**Task**
Here is the task for the listing below: output exactly the lines from the one containing "6h337 FIRST KISS" through the one containing "100 ml Erdbeerglättendes", and leave out the pictures.

**Record excerpts**
=== Begin Enclosure ===

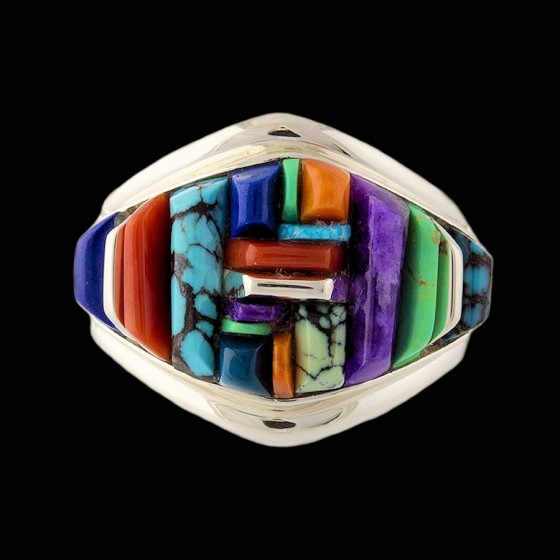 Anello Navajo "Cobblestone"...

=== End Enclosure ===
=== Begin Enclosure ===

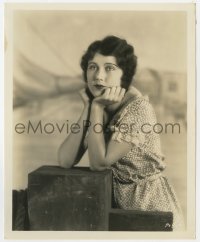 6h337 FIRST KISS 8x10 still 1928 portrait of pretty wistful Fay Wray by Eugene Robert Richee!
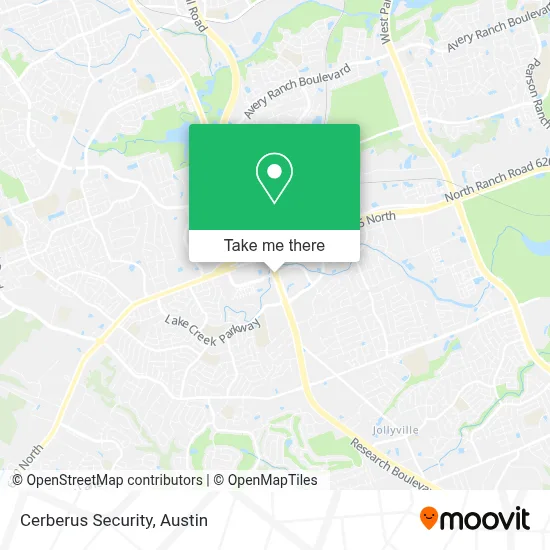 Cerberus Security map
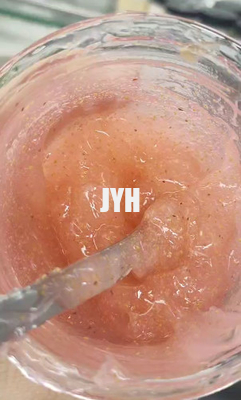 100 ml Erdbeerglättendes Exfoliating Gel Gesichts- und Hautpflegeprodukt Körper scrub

=== End Enclosure ===

**Completed task**
 6h337 FIRST KISS 8x10 still 1928 portrait of pretty wistful Fay Wray by Eugene Robert Richee!
 Cerberus Security map
 100 ml Erdbeerglättendes Exfoliating Gel Gesichts- und Hautpflegeprodukt Körper scrub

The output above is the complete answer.